Fund managers are loading up their portfolios with bull market favorites on the belief that once the fireworks begin in Iraq, the markets are going to soar. This war, when it begins, will be telegraphed and made into a media extravaganza. Our bombers and fighter aircraft have been equipped with cameras so each bombing mission will be seen in real time. Those cameras will also protect the US against false accusations of strafing civilian targets or deliberately attacking civilians. In war, civilian casualties are hard to avoid, but if they occur the cameras will capture the pictures. There will be more than 500 reporters from around the world to write and televise it. It reminds me of gladiatorial events in the Roman coliseum. Welcome to warfare in the 21st century. The high tech way in which this war will be fought, the bombing missions, the smart bombs, and technical wizardry of modern warfare is expected to generate large audiences for media companies. On Wall Street, they are hoping the high tech weapons will generate an investment gold rush with military technology generating the same Pavlovian response from investors as the tech revolution did. Networks will bilk the war for all that they can with 24-hour coverage and analysis provided by armchair pundits and would-be generals.
Once the war is over, oil prices will plunge, the markets will take off, and consumer and business confidence will be restored. It will be back to good times again. So on Wall Street, the feeling is let the war begin and let's remove all impediments to investing and the economy. Iraq, in the minds of analysts and money managers, is this year's excuse for falling stock prices. However, what happens if the war doesn't go as planned or if devastating terrorist attacks are carried out on US soil? What happens even if the war does go well and as a result, the US is faced with governing Iraq until a suitable government can take over the reins and restore order to the country? What will be the cost of this occupation? More importantly, what about the lives of some soldiers who will die in this conflict? On the other side, there will be sons and husbands who also lose their lives. War is never something to celebrate, much less turned into a media circus.

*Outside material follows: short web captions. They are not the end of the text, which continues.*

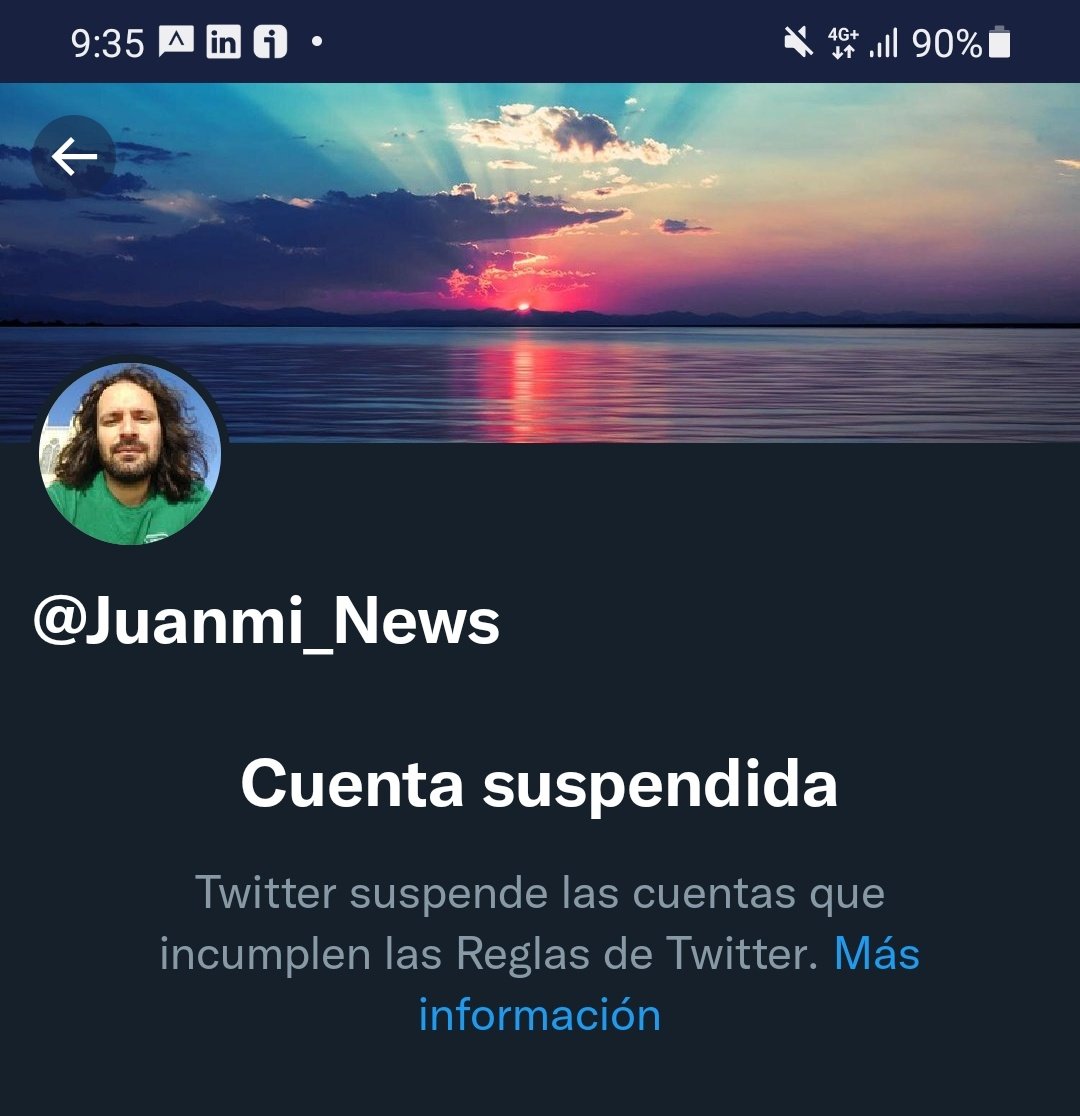 Que me estás contando #Twitter?#Juanmi_News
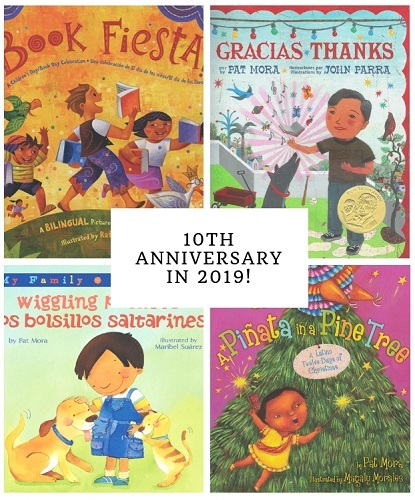 2019 10th anniversary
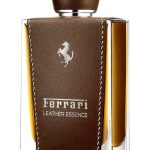 عطر ادکلن لدر اسنس فراری - Leather Essence Ferrari - بررسی، قیمت و خرید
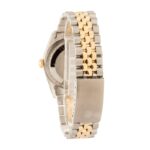 Rolex Datejust ref 16233 Two Tone Jubilee Replica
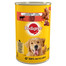 PEDIGREE hovädzie 0.4 kg x24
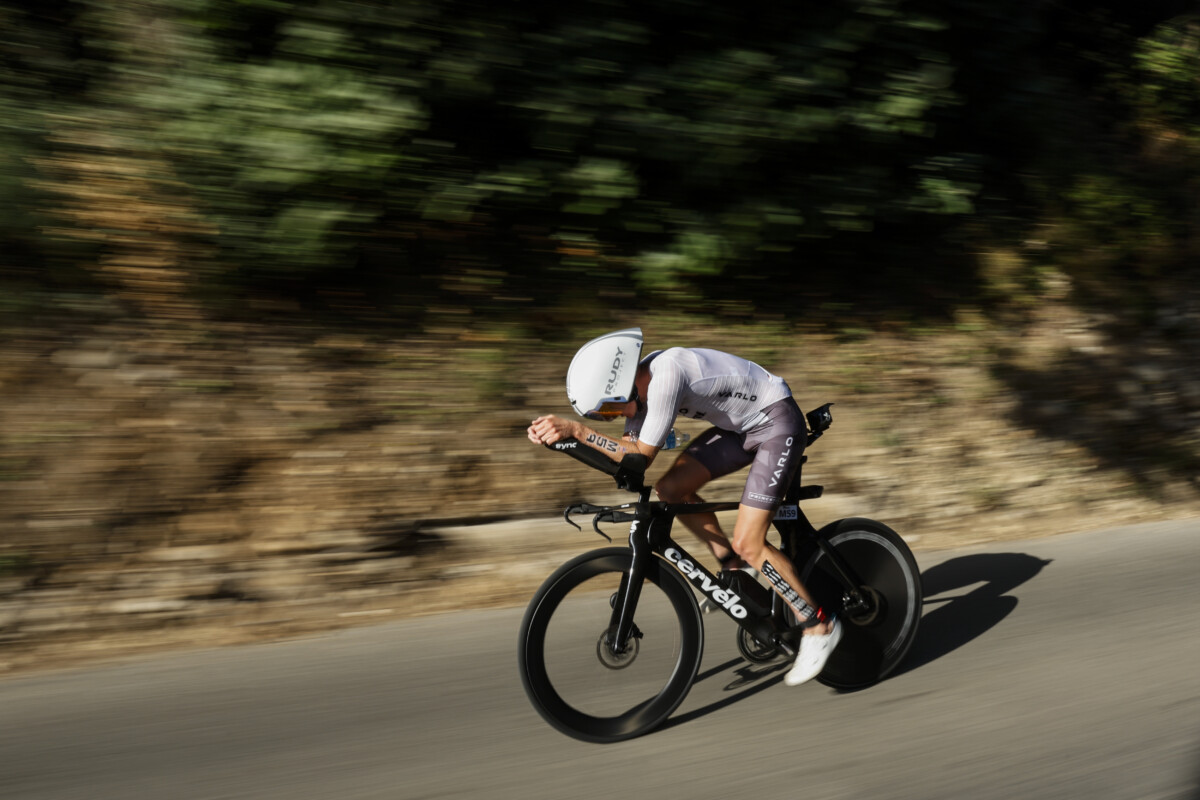 IRONMAN 70.3 São Paulo: como a suplementação certa acelera a recuperação de atletas?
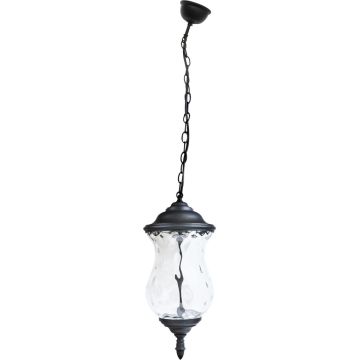 Polux MARSYLIA 300850 Pendelleuchte 1x9W/LED 3000K 350LM IP43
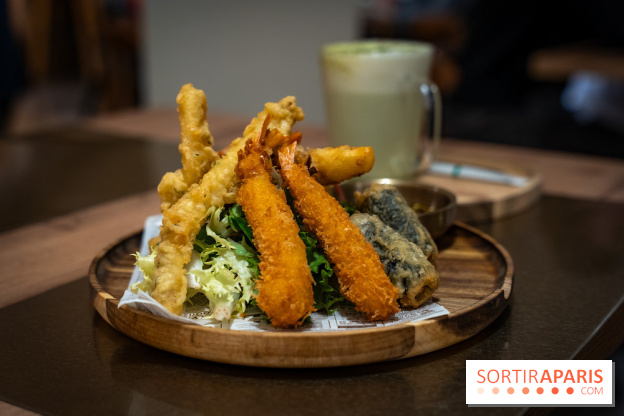 Hanok, le restaurant coréen du Musée Guimet - photos - A7C01637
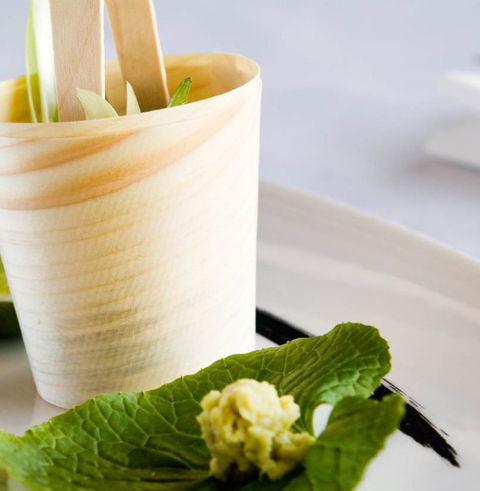Jellyfish Restaurant - Lennox Head Accommodation 1
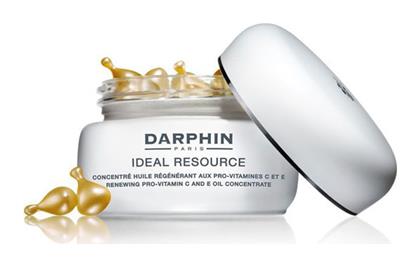 Darphin Ideal Resource Serum Προσώπου για Λάμψη 60τμχ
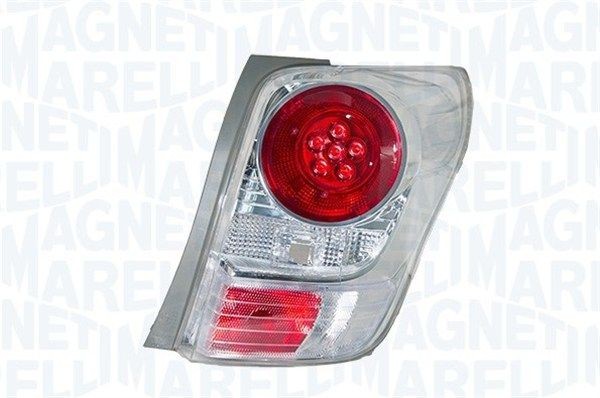 MAGNETI MARELLI Fanale posteriore 715011129002 715011129002 costo Fanale posteriore TOYOTA COROLLA MAGNETI MARELLI
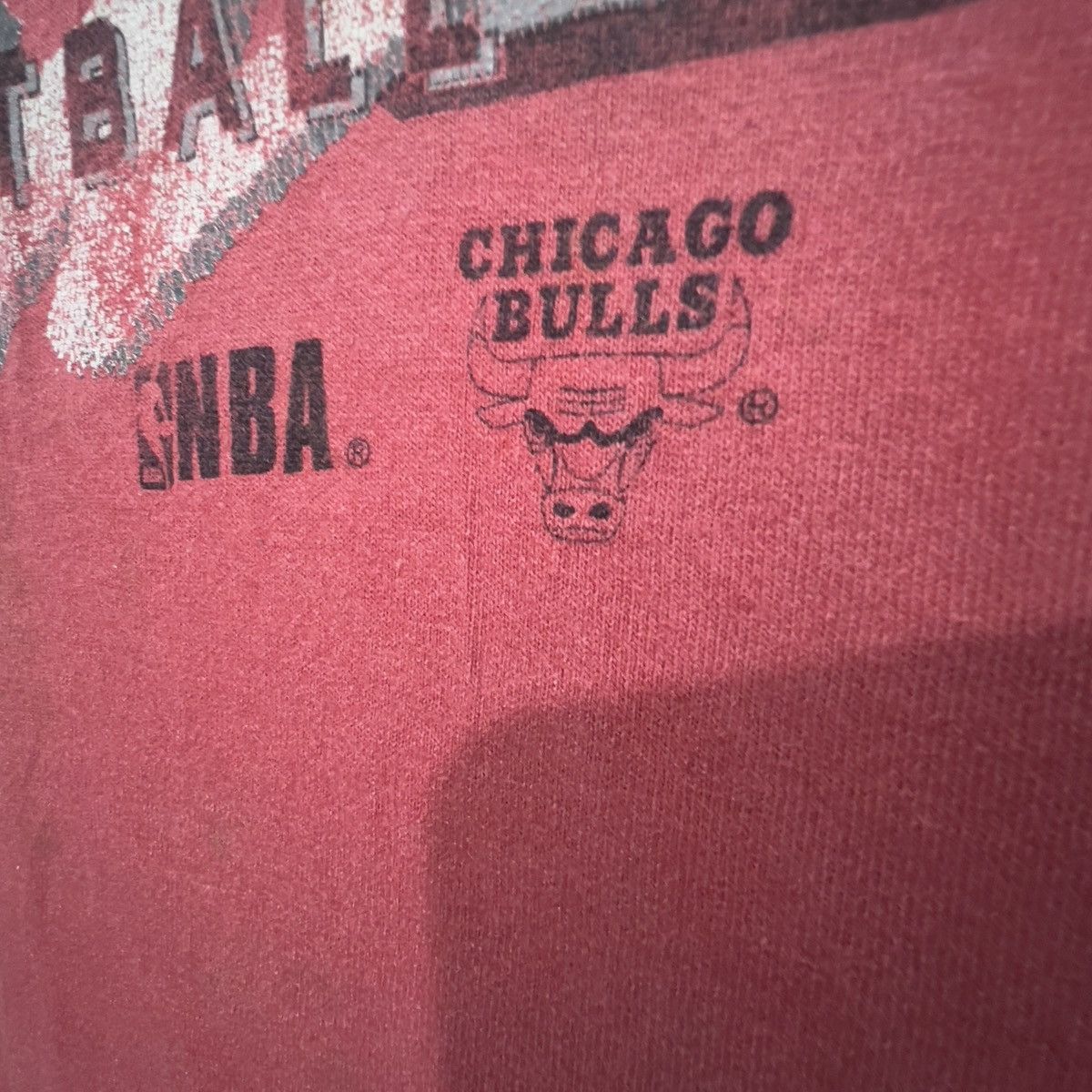 NBA Chicago Bulls x Trench x NBA Size US L / EU 52-54 / 3 - 5 Thumbnail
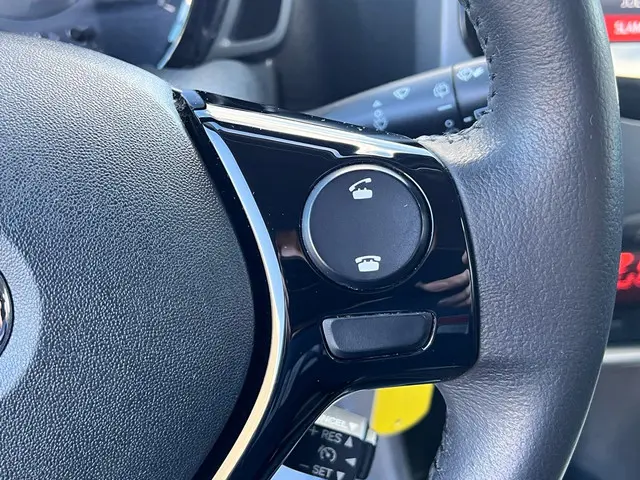 Toyota Aygo 1.0 VVT-i x-joy 5 deurs 2019 Benzine 17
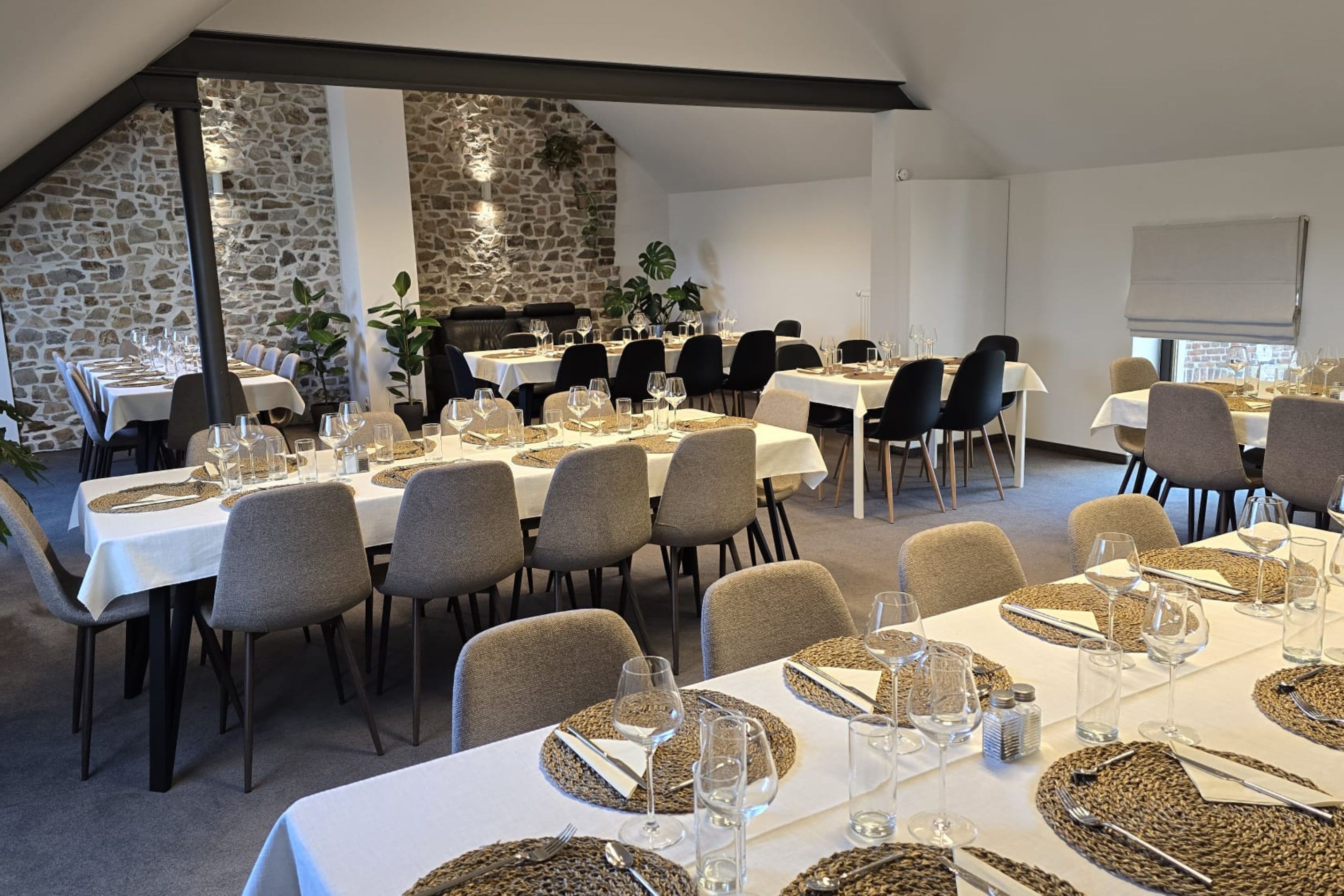 Salle Canopée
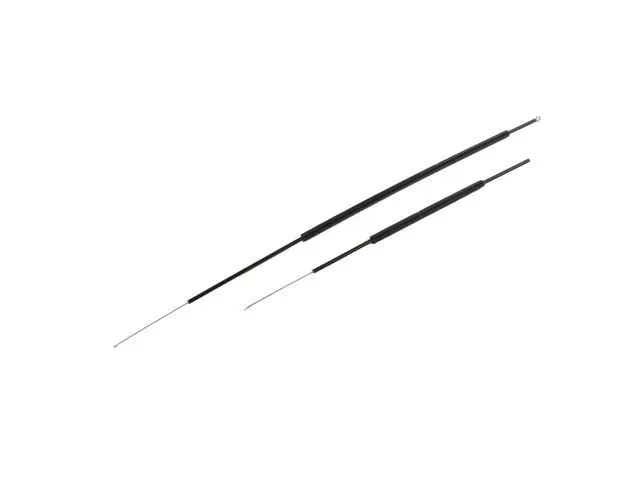 A/C And Heater Control Cable - Mopar (68270228aa) - view 4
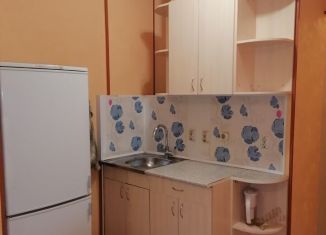 Сдача в аренду квартиры студии, 21 м2, Пермь, Автозаводская улица, 30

Regarding the investment markets, the war won't change the debt levels of this country; they will only make it worse. War isn't going to solve or pay for Herbie Homeowner and Larry Lawnmower credit card bills. It won't pay for underfunded pension plans or absorb the glut of tech capacity that still exists in this country and around the globe. Unless the Pentagon has plans to drop cell phones, DVD players, PC's, video games and PDA's on Iraq, there is a mountain of this stuff piling up in the warehouse and distribution channels around this country. The fundamentals of the tech industry are horrible and remain uncertain. Why else would tech CEO's keep firing so many workers?
Now as far as the reason to buy stocks because they are cheap, let us examine that picture. As shown in the three tables below, I have listed the top ten market cap stocks that make up all three major indexes in the US. Starting with the Dow and proceeding to the NASDAQ, one can draw several conclusions. Stocks have gotten cheaper from where they were three years ago, but they are far from being a bargain. You will notice that stock valuations become more expensive as you move from the Blue Chip Dow, the S&P 500, and the NASDAQ. The top ten companies in each index make up some of the finest companies within the US. They are all leaders in their field. They are, for the most part, great businesses and great business franchises. However, with the exception with one company in the Dow, they are hardly cheap. When stocks are selling at 2 to 3 times their growth rates, they are not cheap. They can only viewed as cheap if you use your wildest imagination, which is why Wall Street is often referred to as "The Street of Dreams."
|Dow Jones Industrials|
|Procter & Gamble||21||2.0%||8.0x||2.6x||12.1x|
|Johnson & Johnson||23||1.6%||7.0x||4.2x||17.8x|
|S & P 500|
|Johnson & Johnson||23||1.6%||7.0x||4.2x||17.8x|
|Am. Int'l Group (AIG)||18||0.4%||2.2x||2.2x||11.3x|
|Fifth Third Corp||19||2.0%||3.6x||4.8x||21.0x|
|* P/CF = Price to Cash Flow|
They only become cheap if you use historically low interest rates, which are used to discount future earnings. Even then P/E multiples of 20, 26, 32, 88, and 188 are not a bargain. Dividend yields of .3, .6, and 2% don't compensate in current return for many of today's stock market risks. Nor are companies whose stock price is 4, 8, or 12 times book value or 4, 6, 8, or 12 times sales. In summary, all we can say is that stocks have gotten cheaper than they were three years ago, but they are still far from being a bargain. At the bottom of bear markets you will find stocks selling at 5 to 7 times earnings. Dividend yields will be higher than Treasury bond yields and will be selling at less than book value and annual sales. By then your neighbors will have sold out their positions forswearing ever owning a stock or mutual fund in their lifetime. Speculating in stocks will cease to be a national pastime. Cable channels will go back to covering news and sports. People will go back to saving and consumption will be a luxury other than basic necessities. That is when you will know that the bear market has ended. That will be the time to buy with complete abandon. The only problem is that you would have had to conserve your capital and be in a position to buy.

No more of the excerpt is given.